Speaker B:But you certainly see when you click a search, even with a Google search, or you try to search your local computer, you're sitting there, Sometimes it takes a few minutes.
Speaker B:You know, that's kind of what we're talking about here.
Speaker B:We're not talking about something that's for an active archive.
Speaker B:We're talking about something that you're waiting maybe a few minutes for as opposed to, you know, it's instantaneous.
Speaker B:You know, it's right there in the cache, ready to go.
Speaker B:Certainly when you're, when you're scrolling again on your phone, looking for that photo, you're just scrolling and scrolling and scrolling and scrolling.
Speaker B:Going back years.
Speaker B: If I found it back in: Speaker B:Maybe you could type it in, get back there fast.
Speaker B:But your human actions are actually probably slower than how fast the archive is going to actually be able to access that material, if you think about it, because we're dealing in the seconds world, that's dealing in the milliseconds world.
Speaker A:Right.
Speaker B:So it's still much faster than human perception.
Speaker A:Yeah, I'll date myself here a little bit.
Speaker A:My first computer, I read programs off of an audio tape cassette device.
Speaker A:It did audio signals to store onto the audio cassette and then you could read it back, and it read them back in the computer.
Speaker A:Very, very, very slow, very small, low capacity, obviously.
Speaker A:And, you know, random access wasn't even a term that was available, right.
Speaker A:I know there was.
Speaker A:I had 100 programs on this one cassette.
Speaker A:Now I wanted to find program number 37.
Speaker A:That was.
Speaker A:Let me look at my sheet of paper here.
Speaker A:That's at 10 minutes, 15 seconds onto the desk.
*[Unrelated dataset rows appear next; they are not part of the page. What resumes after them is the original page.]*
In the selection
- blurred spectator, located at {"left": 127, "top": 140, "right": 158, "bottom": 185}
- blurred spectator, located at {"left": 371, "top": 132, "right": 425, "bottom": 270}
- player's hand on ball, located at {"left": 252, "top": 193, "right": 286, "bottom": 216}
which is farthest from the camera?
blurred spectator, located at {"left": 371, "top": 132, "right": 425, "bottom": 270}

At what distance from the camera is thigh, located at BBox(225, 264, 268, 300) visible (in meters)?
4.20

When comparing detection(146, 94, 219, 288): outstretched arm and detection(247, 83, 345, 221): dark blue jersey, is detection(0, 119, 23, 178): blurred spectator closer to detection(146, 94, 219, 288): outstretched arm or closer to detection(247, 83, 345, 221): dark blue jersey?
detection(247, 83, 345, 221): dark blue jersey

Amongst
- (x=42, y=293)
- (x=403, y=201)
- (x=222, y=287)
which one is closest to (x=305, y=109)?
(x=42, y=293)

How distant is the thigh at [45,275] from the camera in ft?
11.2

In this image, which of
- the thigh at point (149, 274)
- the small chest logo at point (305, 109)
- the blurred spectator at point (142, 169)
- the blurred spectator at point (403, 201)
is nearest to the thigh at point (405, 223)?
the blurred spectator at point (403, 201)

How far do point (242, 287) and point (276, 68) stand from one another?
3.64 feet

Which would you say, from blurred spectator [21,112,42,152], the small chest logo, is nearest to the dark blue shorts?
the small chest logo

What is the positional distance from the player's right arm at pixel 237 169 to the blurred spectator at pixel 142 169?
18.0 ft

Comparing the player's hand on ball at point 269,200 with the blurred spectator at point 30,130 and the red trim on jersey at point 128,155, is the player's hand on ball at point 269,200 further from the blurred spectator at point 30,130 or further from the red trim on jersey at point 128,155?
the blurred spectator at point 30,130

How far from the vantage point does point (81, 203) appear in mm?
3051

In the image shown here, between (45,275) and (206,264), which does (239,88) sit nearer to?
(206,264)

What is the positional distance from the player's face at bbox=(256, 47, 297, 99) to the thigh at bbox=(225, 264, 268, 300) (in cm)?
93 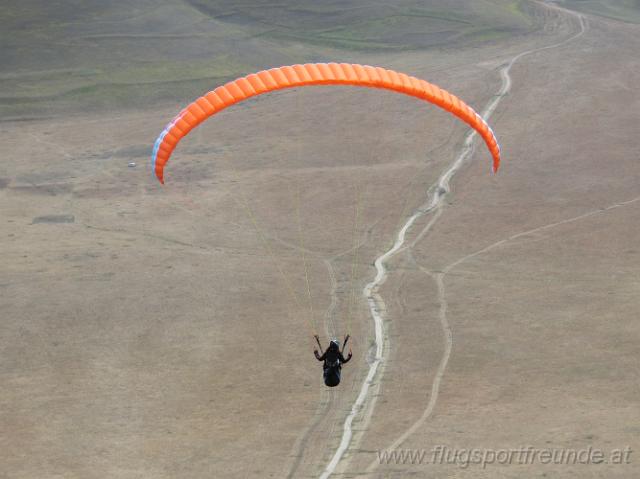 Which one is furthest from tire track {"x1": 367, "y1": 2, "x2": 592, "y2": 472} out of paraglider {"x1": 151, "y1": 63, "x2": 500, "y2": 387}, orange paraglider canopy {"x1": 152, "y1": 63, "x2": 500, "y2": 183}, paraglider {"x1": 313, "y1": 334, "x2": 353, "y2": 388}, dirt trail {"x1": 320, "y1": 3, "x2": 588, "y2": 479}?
orange paraglider canopy {"x1": 152, "y1": 63, "x2": 500, "y2": 183}

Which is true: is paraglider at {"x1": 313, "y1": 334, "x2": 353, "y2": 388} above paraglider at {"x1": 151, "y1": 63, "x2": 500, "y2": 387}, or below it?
below

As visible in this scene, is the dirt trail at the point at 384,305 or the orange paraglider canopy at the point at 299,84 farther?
the dirt trail at the point at 384,305

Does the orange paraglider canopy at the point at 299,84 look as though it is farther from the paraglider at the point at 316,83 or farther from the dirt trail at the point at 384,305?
the dirt trail at the point at 384,305

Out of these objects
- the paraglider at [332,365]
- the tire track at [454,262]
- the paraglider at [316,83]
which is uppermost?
the paraglider at [316,83]

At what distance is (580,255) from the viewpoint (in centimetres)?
3469

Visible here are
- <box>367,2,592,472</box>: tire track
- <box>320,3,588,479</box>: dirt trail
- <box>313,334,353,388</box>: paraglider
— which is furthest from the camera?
<box>367,2,592,472</box>: tire track

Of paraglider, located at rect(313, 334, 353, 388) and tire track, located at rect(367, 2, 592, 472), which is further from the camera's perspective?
tire track, located at rect(367, 2, 592, 472)

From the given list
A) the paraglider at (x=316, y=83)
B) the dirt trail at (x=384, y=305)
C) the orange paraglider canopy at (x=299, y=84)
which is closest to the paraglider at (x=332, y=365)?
the paraglider at (x=316, y=83)


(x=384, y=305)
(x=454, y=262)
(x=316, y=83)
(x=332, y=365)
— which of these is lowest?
(x=454, y=262)

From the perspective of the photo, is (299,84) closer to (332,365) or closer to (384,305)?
(332,365)

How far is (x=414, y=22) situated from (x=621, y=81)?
50.6ft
Speaker A:So that's right around here.
Speaker A:Let me try here.
Speaker A:Nope, that's in the middle of number 46.
Speaker A:I can try there.
Speaker A:Nope, nope, that's right too far back.
Speaker A:Let me find the right spot.
Speaker A:Okay.
Speaker A:You know, that's it.
Speaker A:That's it.
Speaker A:That's where I needed to be.
Speaker A:Well, my index is wrong.
Speaker A:I need to rewind to the beginning and then fast forward in order to get the index right.
Speaker A:You know, and, and, and you did that.
Speaker A:And eventually, you know, an hour later, you could load this 10K program and, and you have something running.
Speaker A:You know, obviously, when I got my first hard drive, I was amazed, right.
Speaker A:That, you know, now you look, I can do.
Speaker A:I can type the equivalent of LS and get a list of all my files.
Speaker A:Right.
Speaker A:So expectations have changed a lot for availability of data.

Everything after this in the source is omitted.